This Week In Washington
Yesterday, House Republicans released their proposal to reform the tax code. Regarding higher education, the plan would remove tax liability for federal student loans that are discharged due to death or permanent disability, which under present law is taxed as income in the year the loan is discharged. It also proposes a 1.4% excise tax on the investment income of private colleges and universities. Finally, the plan proposes making changes to the American Opportunity Tax Credit and qualified tuition plans (commonly known as 529 college savings plans).
The Department of Education (ED) has begun offering voluntary buyouts to select staff working in the Office of Federal Student Aid (FSA). This separation incentive is a set payment made to those who choose to resign or retire early. This effort is in accordance with President Trump’s and Secretary Betsy DeVos’ stated mission to shrink the size of government.
News You Can Use
AccessLex Institute and the National Association of College and University Business Officers released a report examining the effects of tuition discounting on private law schools’ finances. The report finds that tuition discounting increased between 2015 and 2016 at participating institutions, resulting in a slight decline in net tuition revenue.
The College Board released a report which provides detailed analysis on the sources and distribution of grants, loans and other student aid for the 2016-17 academic year and examines how student aid funding has changed over time.

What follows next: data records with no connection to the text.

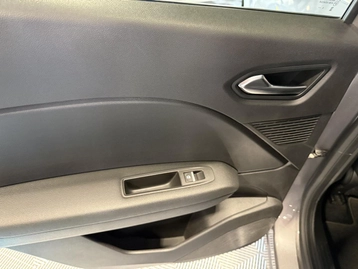 Image véhicule  Renault CAPTUR (49)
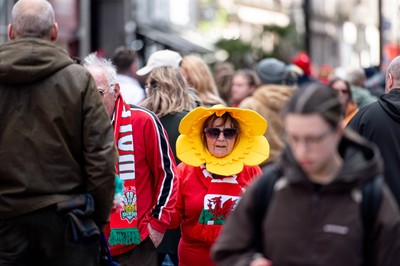 140326 - Wales v Italy - Guinness Six Nations - Fans Ahead of the game 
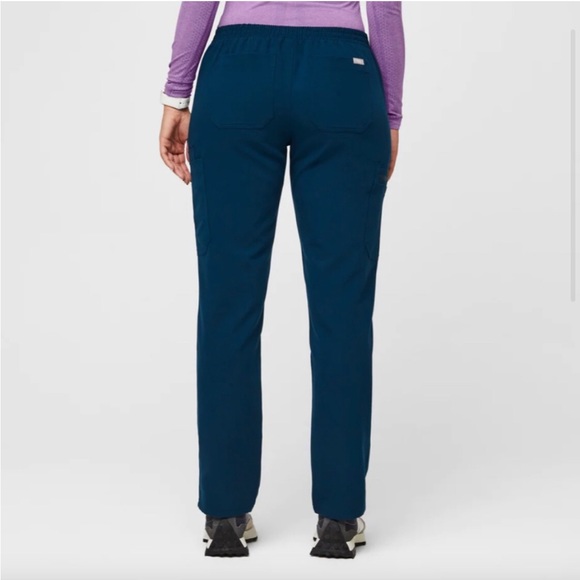 Figs Yola scrub pants - Picture 4 of 7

The report finds, among other things, that in 2016-17 federal student loans constituted 63 percent of the aid for graduate students.
The following bills were recently introduced for consideration by the 115th Congress (2017-2018):
H.R. 4135 – Upward Mobility Enhancement Act [Rep. Jason Smith (R-MO)] would allow employers to offer tax-free education assistance of up to $11,500 a year to their employees.
S. 2028 – Protect Student Borrowers Act [Sen. Jack Reed (D-RI)] would require higher education institutions to repay a percentage of defaulted loans and provides incentives for institutions to implement comprehensive student loan management plans.